REALITY CHECK
- MK Lyons-Campbell
- Feb 20, 2017
- 3 min read
Do you ever have those days where you think everything’s going great and then suddenly your brain switches gear without warning? You could have been having a fantastic couple of weeks when BAMM, that little demon is perched on your shoulder again whispering unsweet depressing lies in your ear. You know that sort of stuff that goes something like ‘You’re a loser; you are hopeless in more ways than one! Everyone else can manage to get it together, so why can’t YOU? What’s wrong with you or should I be asking WHAT’S RIGHT WITH YOU?!’.
When those moments occasionally pop up in my life I like to do a reality check, yet sometimes I just can’t shake the emotion that tends to ooze throughout every pore of my being when my brain does switch gears. It doesn’t matter how many people say to me what a good person I am or even the fact I thought so myself just the day before, that nasty little creature resembling depression has its claws sunk so deep the pain is almost unbearable. The lies can feel so believable.
Personally, I like to think of depression as ‘a dream state’ (although more like a nightmare sometimes). Consider how you dream whilst you are asleep; much of the time you don’t realise you’re actually dreaming – it just feels so incredibly real. Whilst you’re fast asleep, you’re most likely unable to acknowledge how your brain is tricking you regarding what is believable. The trickery is so incredible it can affect your entire being, forcing you to wake in a sweat, with your heart racing as you attempt to desperately ground yourself back into the world of reality. Once you finally come to, you can reassure yourself that it was all just a figment of your imagination (the quirky way in which your brain works).

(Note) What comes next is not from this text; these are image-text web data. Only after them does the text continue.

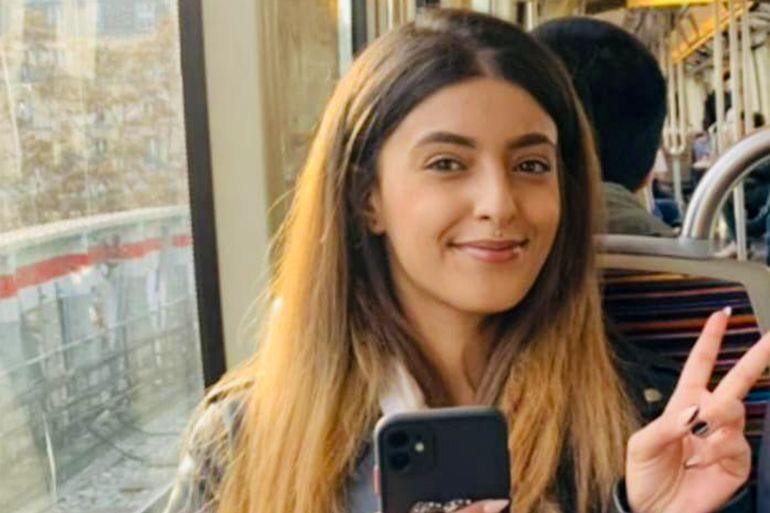 英国绝食者Heba Muraisi：“我在想我怎么死，什么时候死。”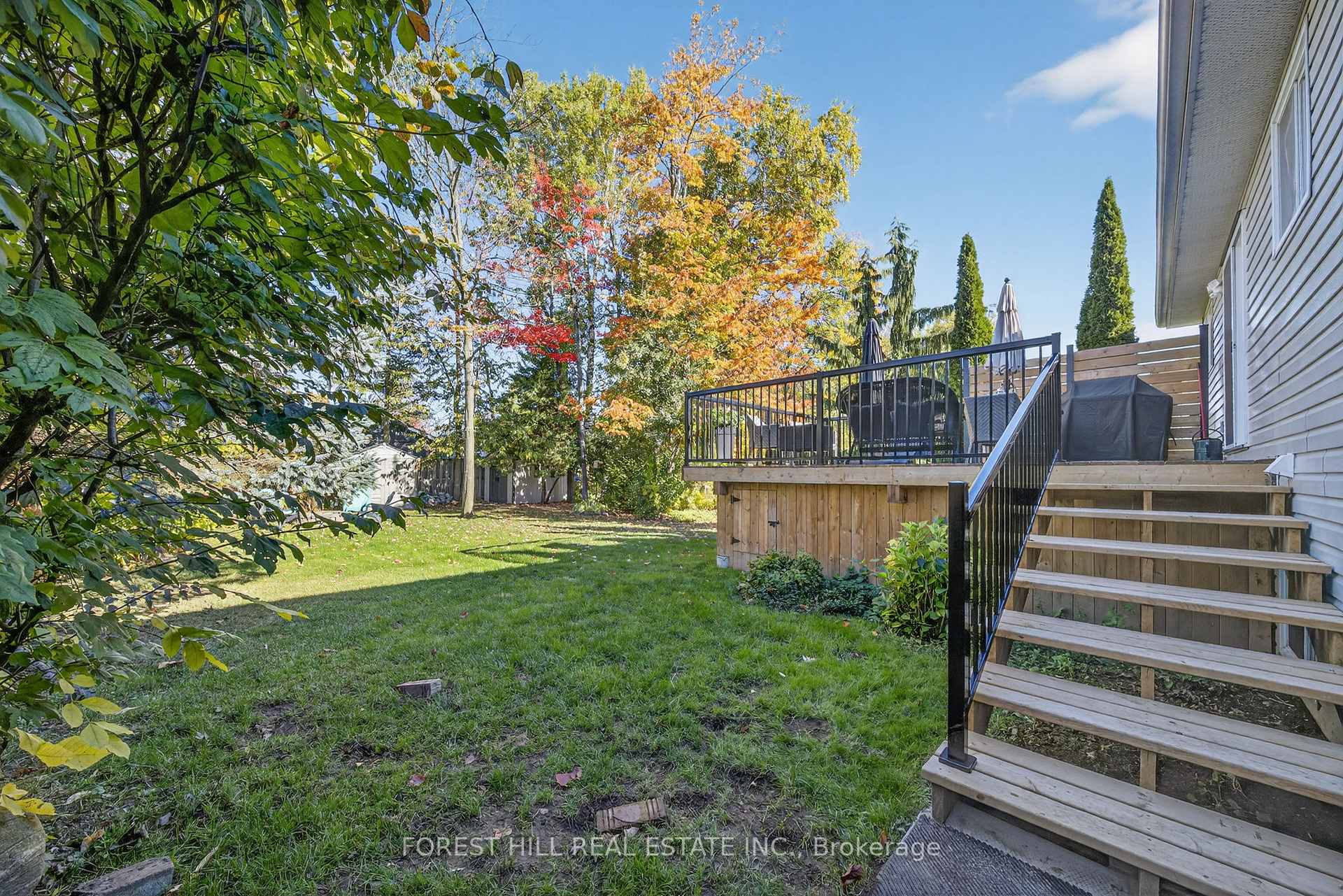 Photo 33 of 694 Cedar Path, Innisfil, Alcona — HOMEH
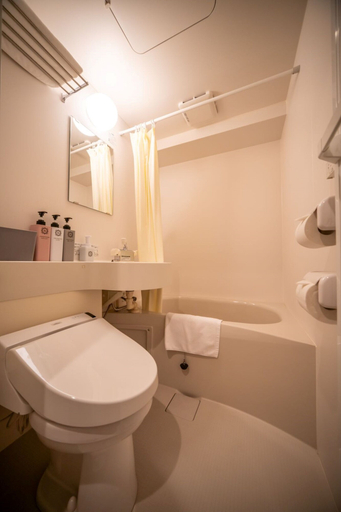 Bathroom 5, JA Hotel Bentencho, Osaka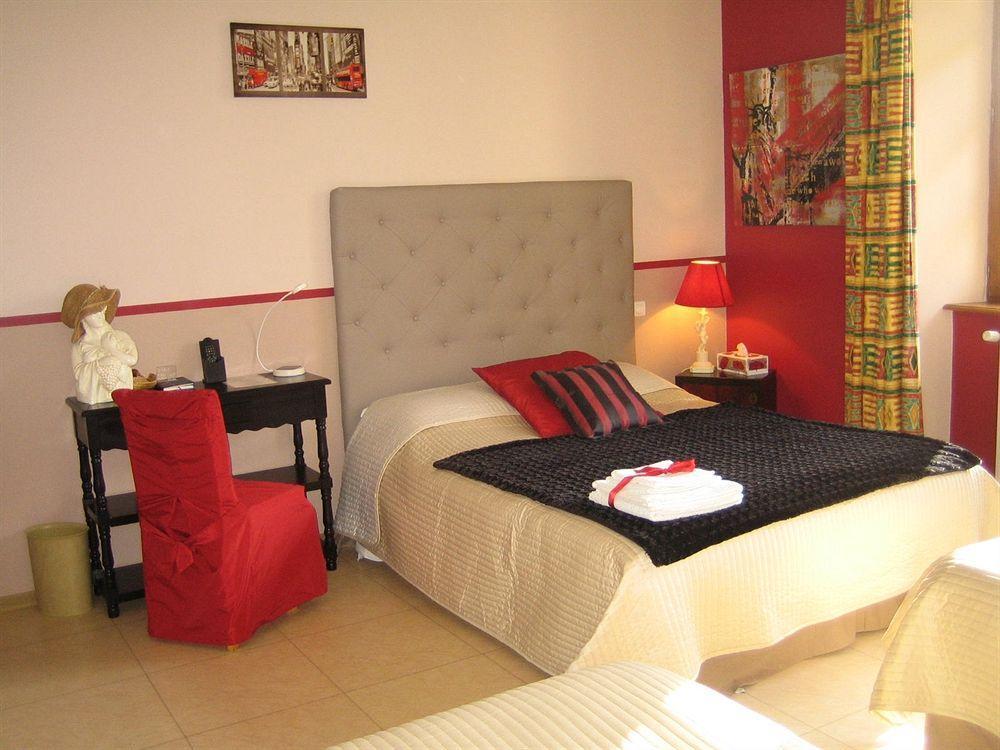 Chambre D'Hotes Domaine Le Castagne Auch Bagian luar foto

Basically, a depressed brain is a tricky quirky brain, for when you ‘wake up’ life is a whole different mental, physical and even spiritual experience, believe me.

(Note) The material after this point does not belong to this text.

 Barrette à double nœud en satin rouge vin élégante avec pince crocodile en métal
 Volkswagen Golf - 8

I regard myself as extremely fortunate at this point in my life for the down times are occasional and typically hormone related in all honesty. They last for a few days at a time and then I ‘wake up’. During my fifteen or so years of constant nightmare state, in my twenties and thirties, I was convinced I’d never wake up yet here I am living a reality I am most grateful for. I like to regard my occasional down states as my reminders. They are brief yet intense brutal reminders of the emotion suffered by those who are still trying to wake up from their own nightmare. It is easy, once having risen from depression, to forget what the suffering or helpless feeling was truly like. One may think they can accurately recall the battle, although memory plays its own kind of tricks.
‘At the end of the day, what is actually REAL?’ some may ask. Personally, I believe our reality is comprised of many, many things. Our reality relates to our perception, fuelled in part by our brain’s chemistry and a plethora of mental programs instilled throughout our life so far. Reality is how our brain interacts with our senses and our experiences or memories. Our reality also bases itself on our degree of knowledge, what we are taught until we grow through learning more or through having our mind changed thanks to alternative ways of thinking. In summary, reality is never in a fixed state for it is constantly being re-worked via internal or external means.

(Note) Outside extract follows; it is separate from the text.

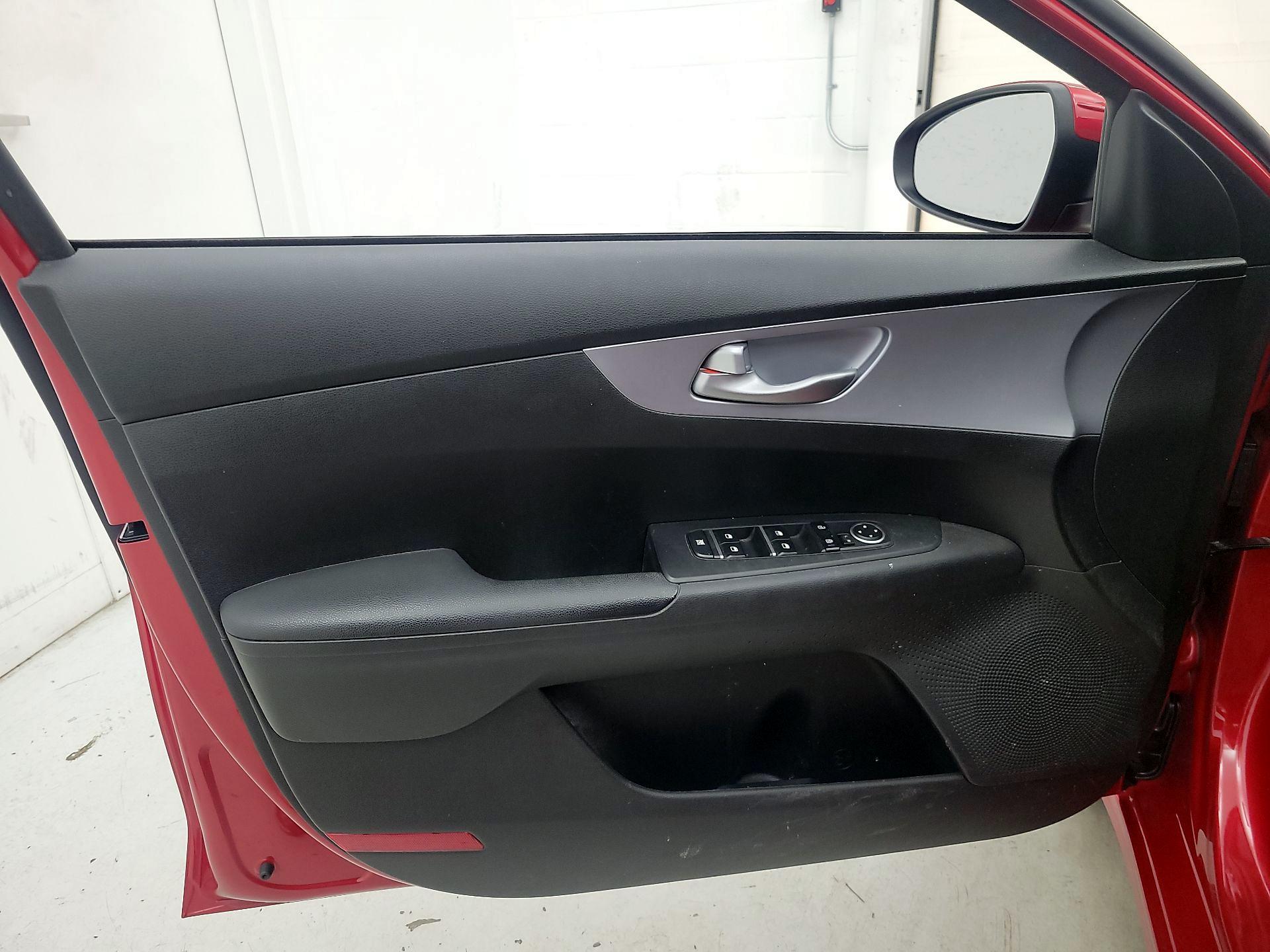 Thumbnail: 2023 Kia Forte - 12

So, how do we change the dark version of reality known depression? Like with any nightmare, we must first come to understand the cause; we must come to know WHY our brain is producing such distortion or darkness. Second, it cannot hurt to try tethering yourself to the reality you most desperately want, so when the down times hit hard you know it’s your brain tricking you in some way (you’re in a dream state). Personally, my most reliable tethering strategy involves letter writing. When I am in good frame of mind I will write a letter to myself, to be read when I’m on a downer, explaining how I am living the illusion and how I must hold on and maintain faith in myself and my ability to rise out of it. I figure if my brain wants to trick me, I shall remain one step ahead of it wherever possible.
As mentioned, it doesn’t matter how many people tell us how great we are, whilst we’re smack bang in the middle of our nightmare, our perception dictates our reality at the time. Knowing how our brain works, with all its trickery included, takes us one step closer to rising up from out of the darkness.